Wally Wood's CANNON ran concurrently with the much lighter SALLY FORTH in the OVERSEAS WEEKLY newspaper of the early 1970's. CANNON is perhaps the ultimate machismo fantasy strip with violence, guns, explosions and/or naked women in something like every third panel sometimes. Originally created by Wood himself for the undistributed 1969 one-shot, HEROES, INC. (and originally done with Steve Ditko pencilling), it would thus seem to be the culmination of his own well-known macho leanings. Or is it an over-the-top parody of the then recently ragingly popular spy genre?
If it were ever to be made into a movie, I would cast Bruce Willis as Cannon. The character of Cannon is a government-sanctioned killing machine with no emotions, no fears and no conscience. He does, however, seem to have a bit of an overactive sex drive. Like a hyperactive STEVE CANYON, his adventures take him into various exotic locations with lots of military and spy hardware.
CANNON features some of the best Woodwork of the period, aided here and there by Nick Cuti, Ralph Reese, possibly Paul Kirchner and Larry Hama and even Neal Adams. I'm pretty sure I spot a few other, less identifiable hands in the art also. There's also lots of barely traced drawings of cars straight out of the clip art files and even a character obviously based (at least visually) on Woody himself.

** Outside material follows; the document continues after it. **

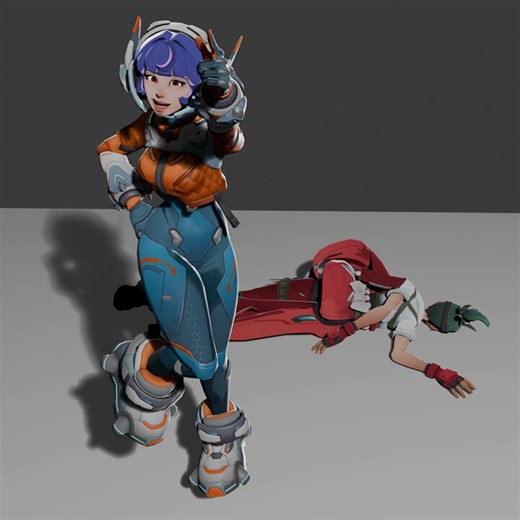 JUNO STOP DANCING AND HELP ME, this its mainly a test with this new shader that i like the full animation will come soon #Kiriko #Juno #Overwatch #Fyp #Meme #Dance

Taken as a serious story, CANNON can be downright disturbing in spots but as I say above, if it comes right down to it, I'm not at all sure the creators WERE taking it seriously. There's Cannon with a beard, Cannon shaved bald, Cannon on the farm, Cannon in Nazi uniform, Cannon against the maniacal super-villain, Cannon shagging enemy female agents. It's like they were doing a more subtle (and frankly less funny) MAD-like parody of genre and gender cliches.